> YOUR GOAL
When the line with "How to Style" comes up, set it down and every later line to the end of the data, exactly and without pictures.

> DATA RECORDS
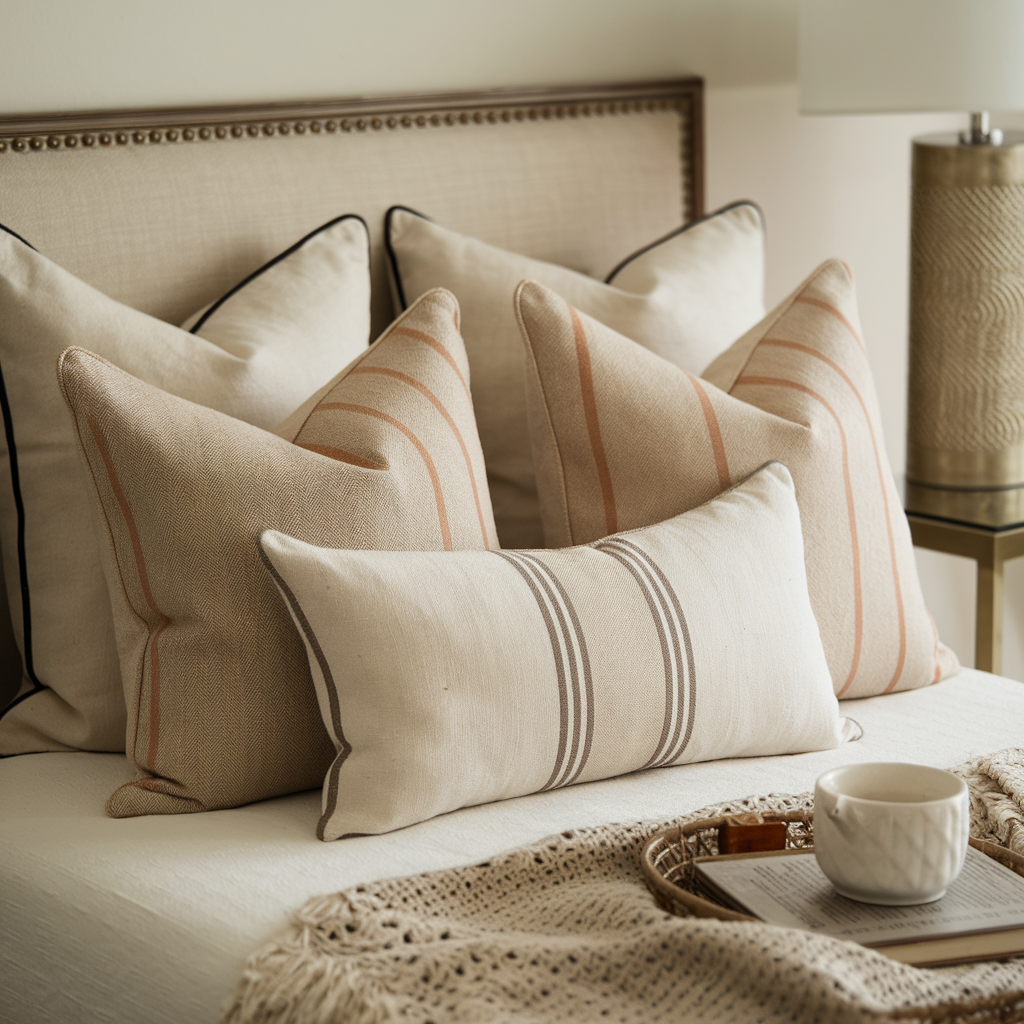A serene and sophisticated living space with elegant decor and warm Lumber pillow..
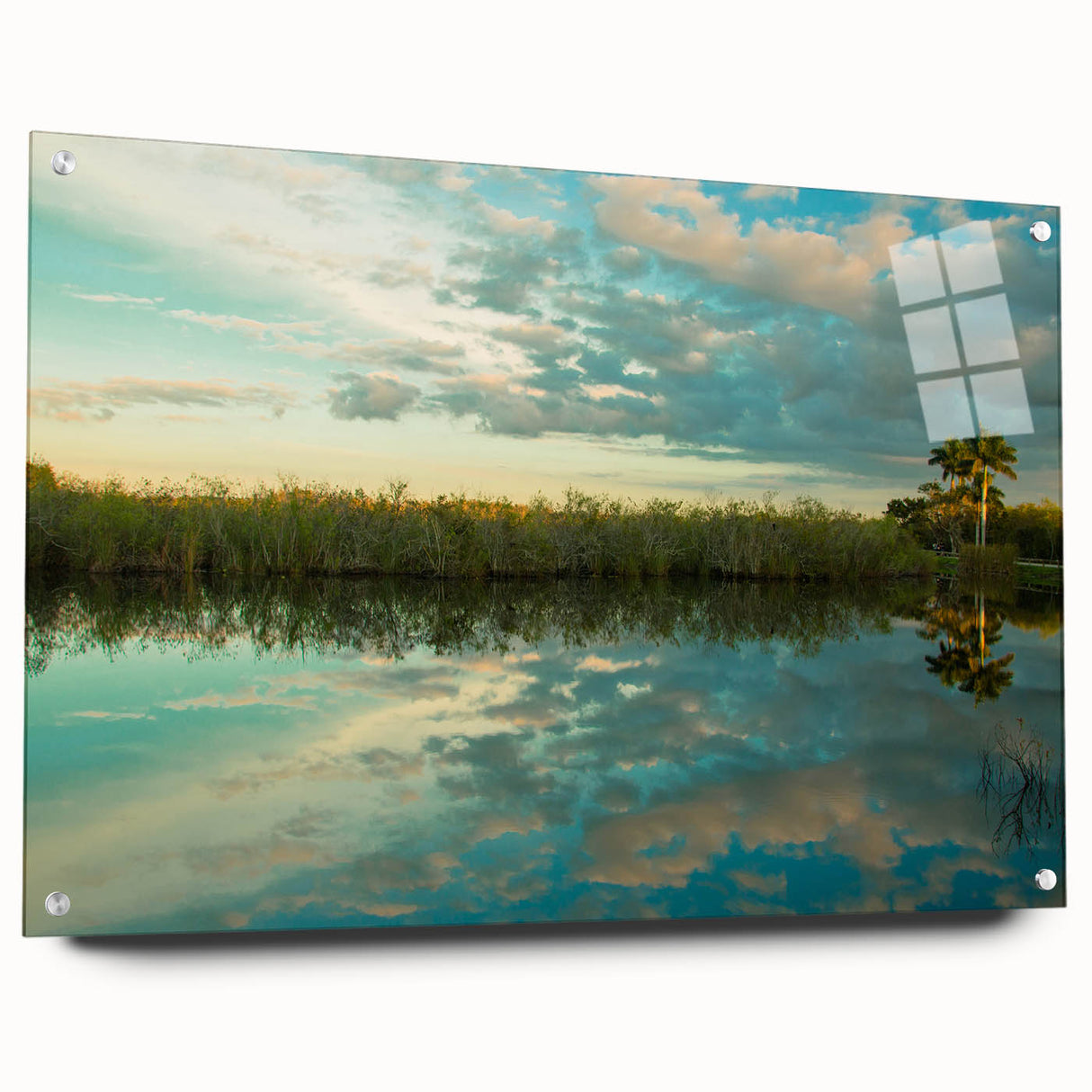 Acrylic print of the Everglades with green and blue tones, suitable for bedroom or dining room decor.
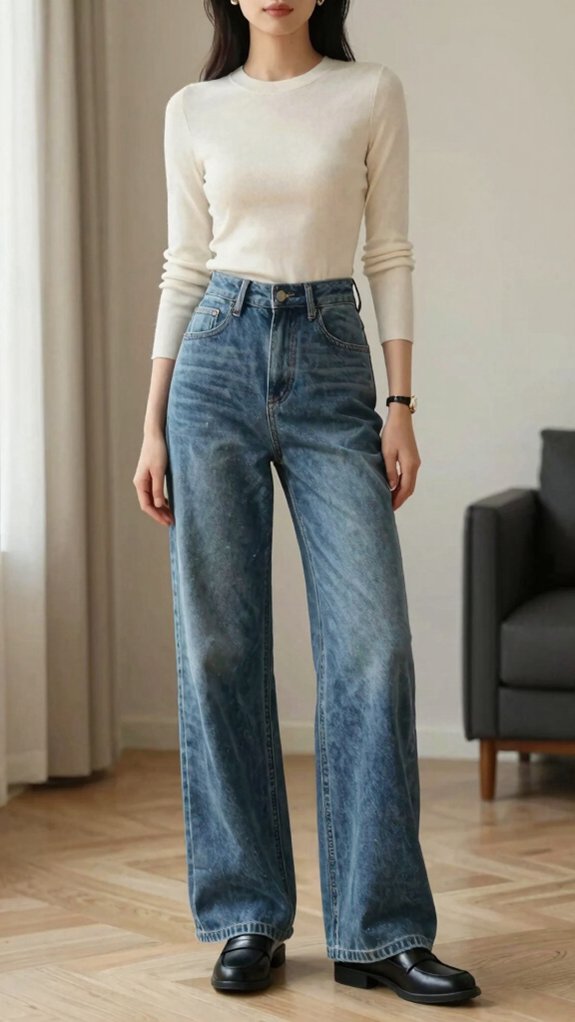 How to Style Wide-Leg Jeans Without Looking Boxy 6 minimal accessories bold denim
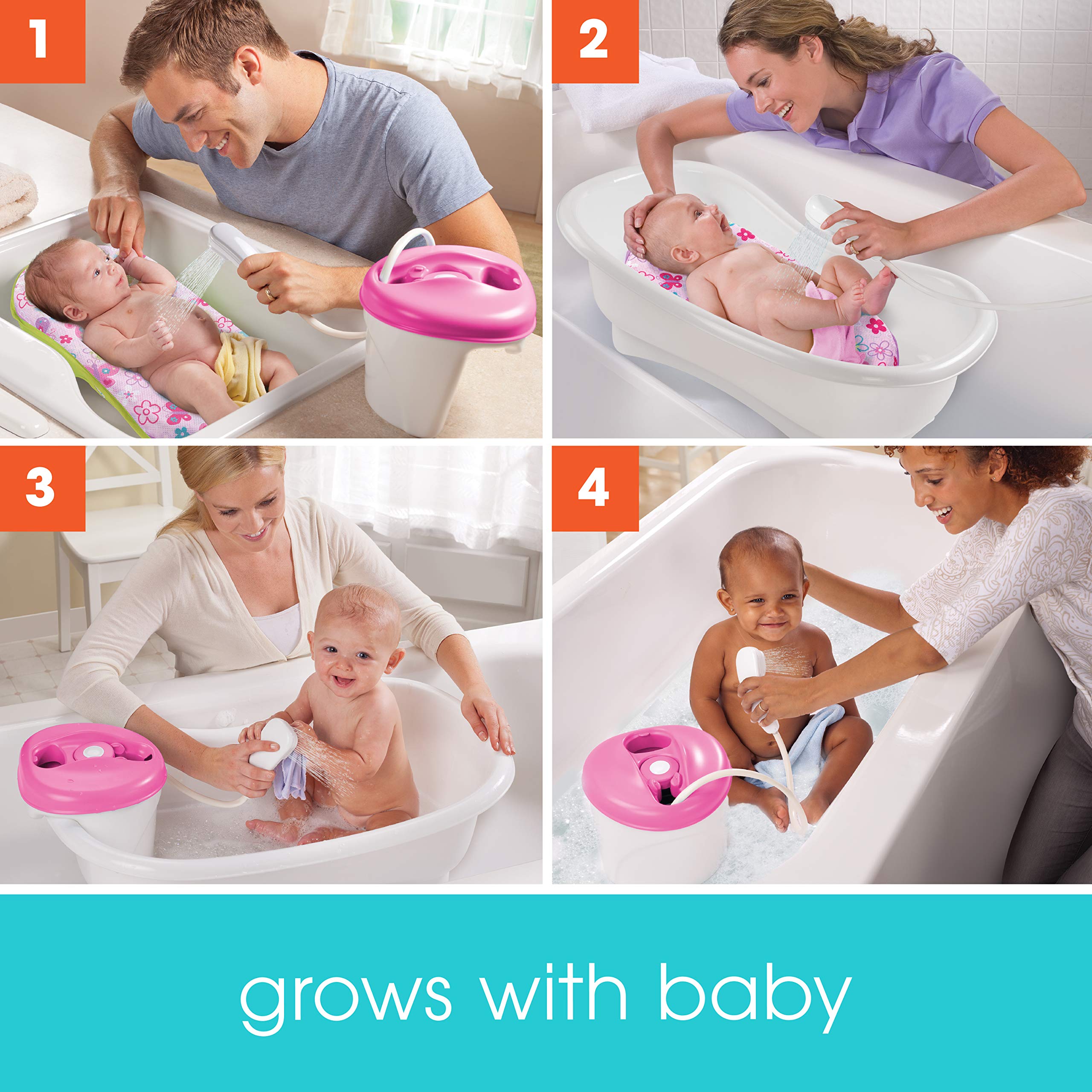 Summer Newborn to Toddler Bath Center and Shower (Pink) – Bathtub Includes Four Stages that Grow with Your Child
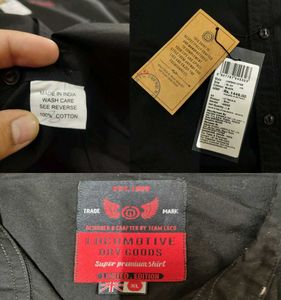 LOCOMOTIVE Men Black Slim Fit Solid Casual Shirt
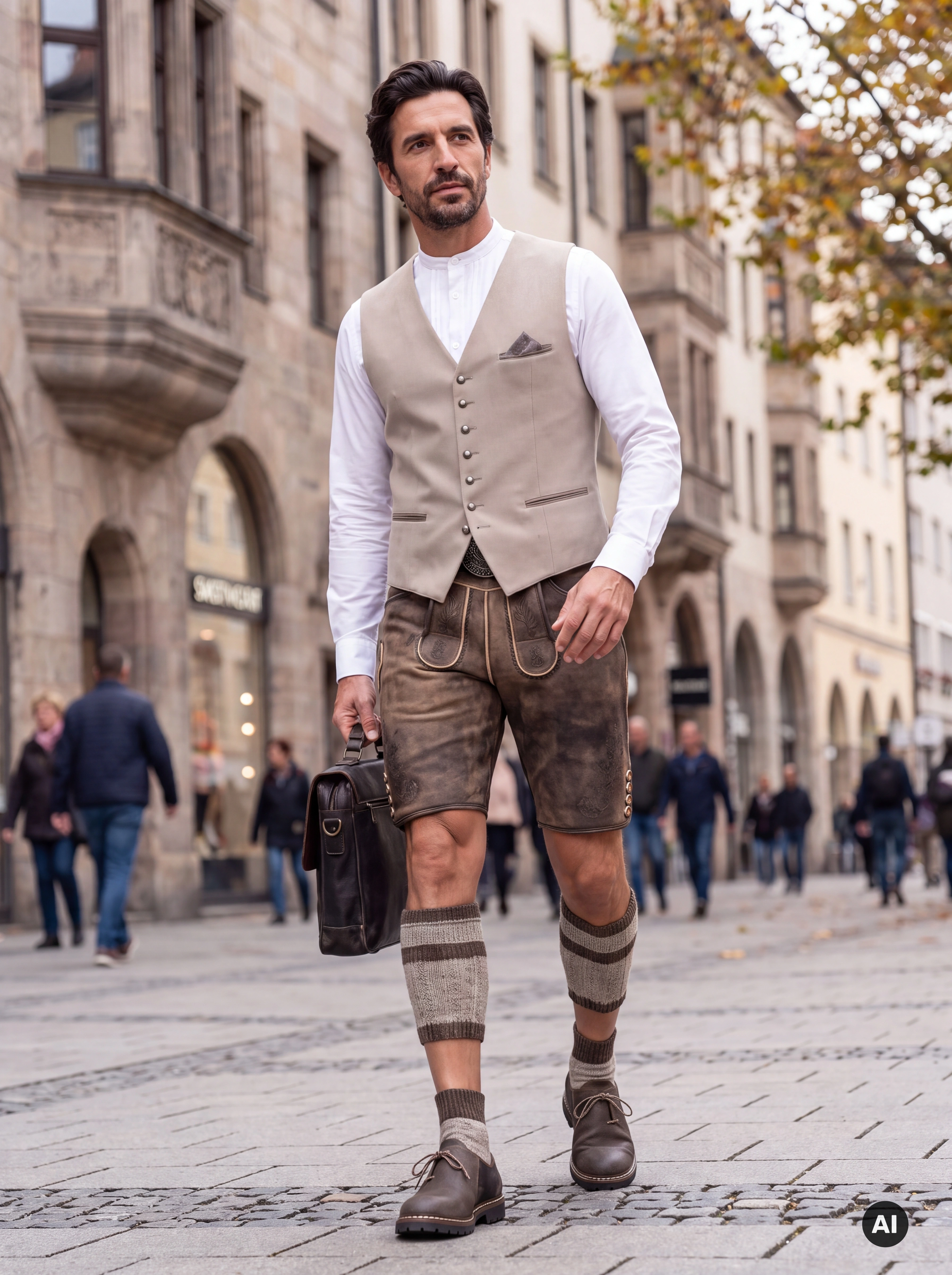 Herren Trachtenweste Ferdi – Beige mit Stretch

> ANSWER BOX
 How to Style Wide-Leg Jeans Without Looking Boxy 6 minimal accessories bold denim
 Summer Newborn to Toddler Bath Center and Shower (Pink) – Bathtub Includes Four Stages that Grow with Your Child
 LOCOMOTIVE Men Black Slim Fit Solid Casual Shirt
 Herren Trachtenweste Ferdi – Beige mit Stretch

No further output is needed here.